There's more costs in general. And so that's a valuable piece of information to be able to share with the client as well. Yeah. That's interesting. So it almost sounds like this is a fantastic way to almost perform an assessment on a client and a complimentary assessment, maybe even to understand them more, to find out how you can help them grow their business or even save on taxes or whatnot.
This is just one, one additional tool in their arsenal. This is a fantastic tool if you're working with small or medium sized businesses. It's a foundational number to know as you're doing any kind of planning with them. But year to year you can run that same entity planning analysis. It'll still show them what the tax savings are by being an s-corp and or, minimizing that tax burden from, payroll taxes.

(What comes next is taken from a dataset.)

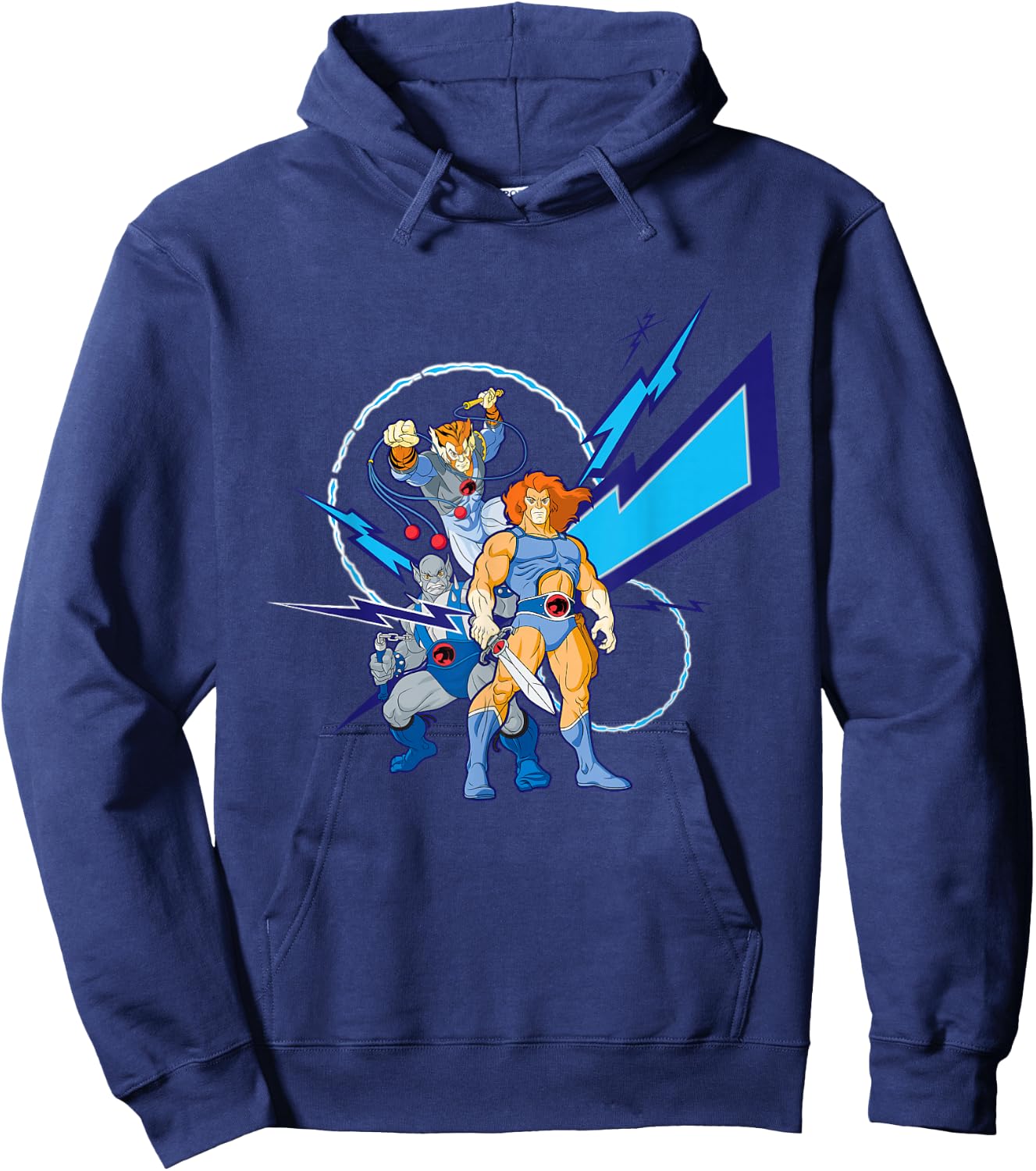 Thundercats Panthro, Tygra and Lion-O Zap Attack Hoodie - Hoodie | Navy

So there's a lot of value that you can show your client in a very deliverable, very tangible way with these reports. Interesting. Okay, shifting gears just for a moment, what are some strategies that you found were red flags to avoid when it comes to advising clients and retaining clients and making sure that they see value in your services?
So for the for the accounting practice, this is my biggest suggestion. And you likely have heard this from Eric Green, Don Roland and many others. You're the professional advisor. They need to listen to what you have to say. So if you can get them away from myths in a way, away from asking Google what they might want to do, right?
That's a great a great first step and strategy, because if you are working with them, you want to be driving the bus, not them. Okay. Excellent. Well, Paul, if anybody's listening and they're interested in learning more about your service, your offering and RC reports, where do they go? RC reports.com. There's a wealth of information on there.
Our we have, probably close to 100 different blog articles on very technical topics and on advisory topics all over the place. So take a look at those. But if you're interested and get to know more about the product, I'd say jump on a short demo. They're about 30 minutes long. Our demo team is awesome. They do a great job not only showing the the software, but they have a little fun along the way doing it.
So it's enjoyable process for everybody. And take a look at the tool if it's the right tool for you adopted into your practice. Okay. Perfect. Well, Paul, thank you so much for being with us today. Absolutely, Adam, thank you so much for having me on. As I said at the beginning, I was I've been really looking forward to, jumping on this podcast for quite some time.
Excellent. Well, I'm glad you did. And to everyone listening or watching, thank you so much for spending the last few minutes with us as we discussed how to escape the accountant's trap. Bye for now.